🤖 AI Summary
Deploying vision-language models (VLMs) in low-resource, budget-constrained settings is challenging due to the high computational cost of large teacher models and the poor zero-shot performance—and expensive fine-tuning—of small student models.
Method: We propose Online Contextual Distillation, a fine-tuning-free, inference-time knowledge transfer framework. It integrates three key components: cross-modal example selection, test-time teacher expansion, and uncertainty-driven dynamic demonstration pool construction—significantly reducing teacher query frequency.

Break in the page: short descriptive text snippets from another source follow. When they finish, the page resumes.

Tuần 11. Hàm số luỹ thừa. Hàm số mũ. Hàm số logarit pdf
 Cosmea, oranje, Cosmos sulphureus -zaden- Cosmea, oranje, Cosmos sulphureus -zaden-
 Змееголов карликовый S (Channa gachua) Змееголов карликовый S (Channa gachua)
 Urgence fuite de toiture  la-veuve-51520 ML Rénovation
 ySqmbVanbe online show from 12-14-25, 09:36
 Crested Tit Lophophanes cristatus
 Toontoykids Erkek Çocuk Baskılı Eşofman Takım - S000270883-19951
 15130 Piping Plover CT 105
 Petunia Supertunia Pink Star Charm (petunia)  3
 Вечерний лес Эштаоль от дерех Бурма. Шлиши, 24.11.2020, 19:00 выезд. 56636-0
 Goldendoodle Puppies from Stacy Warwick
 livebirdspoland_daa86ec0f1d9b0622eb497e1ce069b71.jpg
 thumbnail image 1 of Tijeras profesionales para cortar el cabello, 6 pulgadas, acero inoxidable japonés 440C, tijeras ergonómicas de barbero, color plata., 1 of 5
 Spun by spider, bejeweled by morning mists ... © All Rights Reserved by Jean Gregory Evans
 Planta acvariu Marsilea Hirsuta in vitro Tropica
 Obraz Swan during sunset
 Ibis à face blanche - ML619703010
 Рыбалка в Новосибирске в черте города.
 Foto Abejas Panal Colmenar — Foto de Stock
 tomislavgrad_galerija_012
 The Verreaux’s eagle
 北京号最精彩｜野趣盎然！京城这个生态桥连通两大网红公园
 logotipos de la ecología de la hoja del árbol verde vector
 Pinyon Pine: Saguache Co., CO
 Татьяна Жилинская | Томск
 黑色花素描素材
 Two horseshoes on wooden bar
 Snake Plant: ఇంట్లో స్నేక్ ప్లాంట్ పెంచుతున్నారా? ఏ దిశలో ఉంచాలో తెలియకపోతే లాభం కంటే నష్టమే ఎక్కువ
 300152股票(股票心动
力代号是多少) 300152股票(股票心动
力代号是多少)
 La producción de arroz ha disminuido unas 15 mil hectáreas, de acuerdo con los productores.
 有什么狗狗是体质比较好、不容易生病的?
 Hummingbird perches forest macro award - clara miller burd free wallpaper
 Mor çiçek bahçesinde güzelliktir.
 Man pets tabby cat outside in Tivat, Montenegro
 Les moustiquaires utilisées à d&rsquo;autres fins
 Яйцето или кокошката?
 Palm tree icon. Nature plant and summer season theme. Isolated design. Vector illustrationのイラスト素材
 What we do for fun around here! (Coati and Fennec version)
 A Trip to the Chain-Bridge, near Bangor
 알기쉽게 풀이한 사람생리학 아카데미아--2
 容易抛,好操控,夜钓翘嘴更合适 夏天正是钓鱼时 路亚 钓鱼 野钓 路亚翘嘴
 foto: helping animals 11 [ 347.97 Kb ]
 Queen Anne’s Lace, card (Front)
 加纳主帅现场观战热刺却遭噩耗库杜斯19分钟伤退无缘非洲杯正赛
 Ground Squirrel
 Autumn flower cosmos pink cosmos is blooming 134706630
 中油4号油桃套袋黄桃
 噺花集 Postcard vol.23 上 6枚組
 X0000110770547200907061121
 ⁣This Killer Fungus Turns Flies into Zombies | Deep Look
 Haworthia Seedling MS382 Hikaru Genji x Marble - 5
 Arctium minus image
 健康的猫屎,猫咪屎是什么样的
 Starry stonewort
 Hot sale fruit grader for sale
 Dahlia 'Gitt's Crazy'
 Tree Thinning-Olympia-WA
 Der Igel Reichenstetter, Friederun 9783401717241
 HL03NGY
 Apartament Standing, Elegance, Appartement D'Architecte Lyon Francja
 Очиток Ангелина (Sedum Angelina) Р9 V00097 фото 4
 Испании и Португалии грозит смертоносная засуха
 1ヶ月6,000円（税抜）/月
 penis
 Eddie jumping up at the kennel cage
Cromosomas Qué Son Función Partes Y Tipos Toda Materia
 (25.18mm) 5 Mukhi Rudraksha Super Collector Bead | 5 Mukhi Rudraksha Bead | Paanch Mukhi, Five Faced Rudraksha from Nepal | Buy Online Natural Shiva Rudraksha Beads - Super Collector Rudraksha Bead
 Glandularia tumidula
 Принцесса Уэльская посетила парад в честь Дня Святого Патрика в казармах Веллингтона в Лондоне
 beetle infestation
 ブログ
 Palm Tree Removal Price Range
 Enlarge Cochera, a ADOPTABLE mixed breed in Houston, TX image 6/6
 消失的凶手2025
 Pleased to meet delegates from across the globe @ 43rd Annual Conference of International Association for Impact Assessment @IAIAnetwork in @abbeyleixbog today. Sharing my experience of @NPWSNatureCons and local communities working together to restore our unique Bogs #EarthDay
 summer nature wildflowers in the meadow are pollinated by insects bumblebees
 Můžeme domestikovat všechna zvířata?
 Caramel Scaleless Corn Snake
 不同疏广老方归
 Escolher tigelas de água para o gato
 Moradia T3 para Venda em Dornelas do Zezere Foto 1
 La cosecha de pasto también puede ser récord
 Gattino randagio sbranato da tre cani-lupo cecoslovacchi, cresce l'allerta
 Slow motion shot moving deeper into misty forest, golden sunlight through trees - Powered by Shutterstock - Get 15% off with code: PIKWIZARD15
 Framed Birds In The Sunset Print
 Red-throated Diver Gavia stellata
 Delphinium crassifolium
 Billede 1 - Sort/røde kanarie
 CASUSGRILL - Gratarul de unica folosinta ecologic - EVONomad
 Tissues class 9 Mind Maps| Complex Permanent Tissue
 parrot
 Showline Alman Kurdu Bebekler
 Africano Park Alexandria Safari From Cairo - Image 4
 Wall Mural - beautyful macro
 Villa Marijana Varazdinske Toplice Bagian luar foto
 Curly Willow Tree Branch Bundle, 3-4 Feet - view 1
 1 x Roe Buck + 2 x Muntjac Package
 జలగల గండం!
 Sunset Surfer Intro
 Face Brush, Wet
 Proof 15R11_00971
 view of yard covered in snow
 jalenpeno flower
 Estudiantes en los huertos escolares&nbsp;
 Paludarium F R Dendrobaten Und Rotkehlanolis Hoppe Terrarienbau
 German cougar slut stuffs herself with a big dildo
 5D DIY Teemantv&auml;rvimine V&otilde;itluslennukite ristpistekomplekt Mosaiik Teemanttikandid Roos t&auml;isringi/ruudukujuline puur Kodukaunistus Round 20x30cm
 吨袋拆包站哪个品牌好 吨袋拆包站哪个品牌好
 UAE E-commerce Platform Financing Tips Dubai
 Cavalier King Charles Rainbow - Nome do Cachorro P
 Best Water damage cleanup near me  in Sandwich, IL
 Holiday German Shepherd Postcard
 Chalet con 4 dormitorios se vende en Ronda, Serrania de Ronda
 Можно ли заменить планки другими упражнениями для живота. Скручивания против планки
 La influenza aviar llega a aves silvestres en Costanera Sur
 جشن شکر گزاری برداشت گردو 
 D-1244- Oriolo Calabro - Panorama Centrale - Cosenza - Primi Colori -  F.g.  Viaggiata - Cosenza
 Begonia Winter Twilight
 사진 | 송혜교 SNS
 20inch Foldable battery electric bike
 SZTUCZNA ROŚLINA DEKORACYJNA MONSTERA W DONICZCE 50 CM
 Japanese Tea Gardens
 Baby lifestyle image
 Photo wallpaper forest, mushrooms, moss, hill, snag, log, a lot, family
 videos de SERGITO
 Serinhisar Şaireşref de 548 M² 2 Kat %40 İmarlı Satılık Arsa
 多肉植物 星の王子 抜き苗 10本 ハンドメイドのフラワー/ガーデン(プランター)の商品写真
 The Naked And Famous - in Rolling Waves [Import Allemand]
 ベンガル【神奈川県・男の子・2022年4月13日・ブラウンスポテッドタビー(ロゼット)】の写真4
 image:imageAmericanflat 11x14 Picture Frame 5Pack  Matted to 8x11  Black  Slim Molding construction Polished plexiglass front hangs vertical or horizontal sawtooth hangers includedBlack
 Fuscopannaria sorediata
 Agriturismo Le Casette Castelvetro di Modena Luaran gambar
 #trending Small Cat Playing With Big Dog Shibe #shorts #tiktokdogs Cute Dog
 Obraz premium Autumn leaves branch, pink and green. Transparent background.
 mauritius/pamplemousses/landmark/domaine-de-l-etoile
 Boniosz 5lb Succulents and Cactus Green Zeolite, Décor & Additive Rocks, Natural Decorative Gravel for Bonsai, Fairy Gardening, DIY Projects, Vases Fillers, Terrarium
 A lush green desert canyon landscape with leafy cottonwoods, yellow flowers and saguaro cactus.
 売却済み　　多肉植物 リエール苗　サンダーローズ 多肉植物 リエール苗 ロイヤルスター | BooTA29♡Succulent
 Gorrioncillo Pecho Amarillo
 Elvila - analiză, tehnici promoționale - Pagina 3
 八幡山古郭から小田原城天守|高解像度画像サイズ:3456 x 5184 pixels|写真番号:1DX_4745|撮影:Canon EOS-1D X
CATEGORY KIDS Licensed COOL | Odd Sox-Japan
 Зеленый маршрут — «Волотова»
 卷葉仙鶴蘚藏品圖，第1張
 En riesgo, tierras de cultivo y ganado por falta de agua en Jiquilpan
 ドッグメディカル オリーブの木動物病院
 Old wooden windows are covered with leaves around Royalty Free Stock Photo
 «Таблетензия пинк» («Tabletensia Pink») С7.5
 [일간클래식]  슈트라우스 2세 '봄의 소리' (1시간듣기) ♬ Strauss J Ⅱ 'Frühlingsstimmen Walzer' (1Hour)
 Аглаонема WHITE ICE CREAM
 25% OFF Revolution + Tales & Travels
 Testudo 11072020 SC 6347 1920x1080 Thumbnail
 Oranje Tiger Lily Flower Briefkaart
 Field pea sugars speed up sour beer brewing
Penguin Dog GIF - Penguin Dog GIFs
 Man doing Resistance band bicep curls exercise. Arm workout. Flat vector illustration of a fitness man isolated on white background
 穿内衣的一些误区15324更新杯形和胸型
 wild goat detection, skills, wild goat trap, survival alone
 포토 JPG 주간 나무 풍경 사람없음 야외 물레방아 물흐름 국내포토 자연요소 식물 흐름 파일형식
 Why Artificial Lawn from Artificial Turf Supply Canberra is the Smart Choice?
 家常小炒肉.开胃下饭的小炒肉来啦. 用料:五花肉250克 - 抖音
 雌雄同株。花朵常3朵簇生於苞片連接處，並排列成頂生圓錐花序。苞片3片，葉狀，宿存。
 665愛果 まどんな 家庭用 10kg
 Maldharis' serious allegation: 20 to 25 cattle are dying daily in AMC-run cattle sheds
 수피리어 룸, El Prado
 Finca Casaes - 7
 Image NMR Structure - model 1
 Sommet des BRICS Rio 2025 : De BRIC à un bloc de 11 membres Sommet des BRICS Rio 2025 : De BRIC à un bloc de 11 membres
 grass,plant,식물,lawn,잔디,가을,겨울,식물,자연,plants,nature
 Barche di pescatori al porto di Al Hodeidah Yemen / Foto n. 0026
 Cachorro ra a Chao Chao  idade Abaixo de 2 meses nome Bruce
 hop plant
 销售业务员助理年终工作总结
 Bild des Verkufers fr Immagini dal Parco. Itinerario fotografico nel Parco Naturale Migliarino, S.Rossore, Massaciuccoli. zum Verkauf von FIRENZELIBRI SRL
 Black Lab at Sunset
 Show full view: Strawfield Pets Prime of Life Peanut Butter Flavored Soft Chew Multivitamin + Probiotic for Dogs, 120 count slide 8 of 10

Contribution/Results: Under a stringent constraint of only 4% teacher-annotated data, our method boosts small-model accuracy by 33%, matching the teacher’s zero-shot performance and outperforming conventional fine-tuning. It enables efficient, compute-budget-aware adaptation without parameter updates, making it particularly suitable for resource-limited deployment scenarios.
📝 Abstract
As the field continues its push for ever more resources, this work turns the spotlight on a critical question: how can vision-language models (VLMs) be adapted to thrive in low-resource, budget-constrained settings? While large VLMs offer strong performance, they are impractical to deploy in such settings. Small VLMs, on the other hand, are efficient but typically require costly fine-tuning to close the performance gap with larger models in the deployment domain. Inspired by the in-context learning framework, we propose an online In-Context Distillation (ICD) method, in which a small VLM collaborates with a stronger teacher model at inference time, distilling its knowledge via sparse demonstrations to efficiently bridge the gap between them. Our method is built on an in-depth analysis that identifies the scale and the choice of models for which vision-language ICL is currently feasible, and demonstrates the advantage of ICL over fine-tuning under constrained compute budgets. We enhance our method with a novel cross-modal demonstration selection strategy, teacher test-time scaling to reduce noise, and student uncertainty conditioning to dynamically populate a demonstration pool and minimize teacher queries. Our ICD method significantly boosts the performance of small models (up to 33%) using scarce teacher annotations (as low as 4%), and competes with the teacher's zero-shot performance.